Data segment =
···
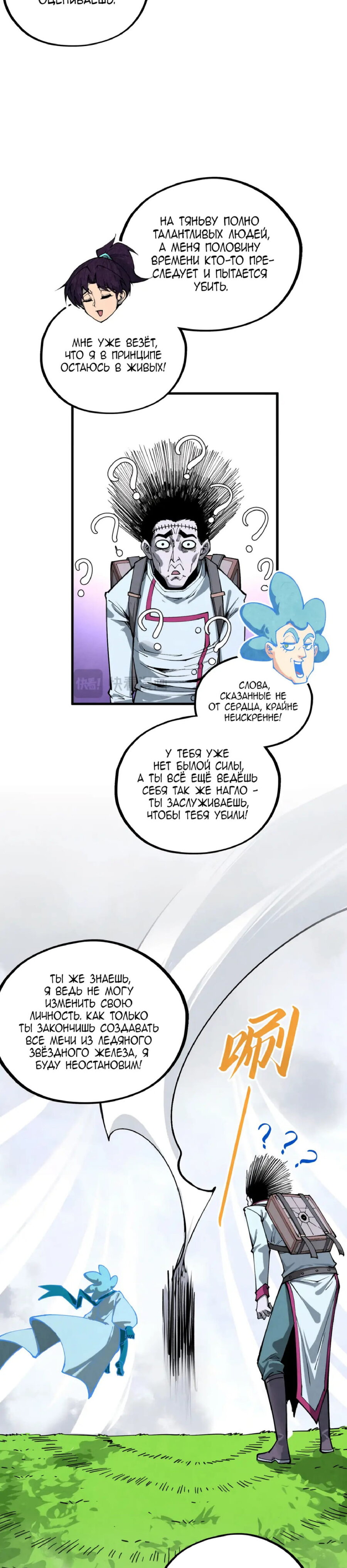 Read Сильнейший во все времена RU Manga Online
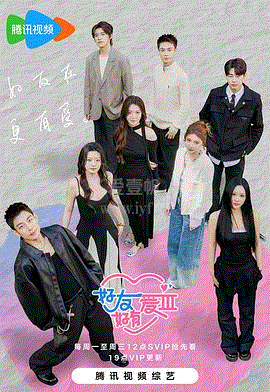 好友好有爱第3季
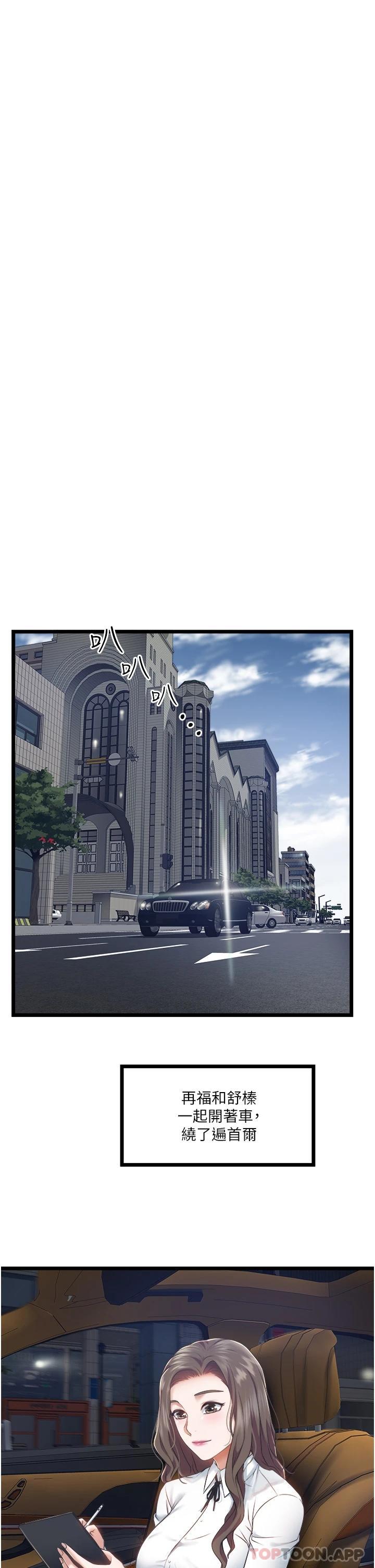 [韩国漫画] 私人司机 剧情,熟女人妻,巨乳大奶,不伦#[46P]-20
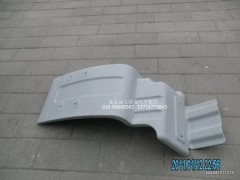 H1843021101A0,左后翼子板,北京遠(yuǎn)大歐曼汽車(chē)配件有限公司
···
Exercise goal =
Every line above is to be reproduced verbatim, and the pictures are to be omitted.

Exercise result =
 Read Сильнейший во все времена RU Manga Online
 好友好有爱第3季
 [韩国漫画] 私人司机 剧情,熟女人妻,巨乳大奶,不伦#[46P]-20
 H1843021101A0,左后翼子板,北京遠(yuǎn)大歐曼汽車(chē)配件有限公司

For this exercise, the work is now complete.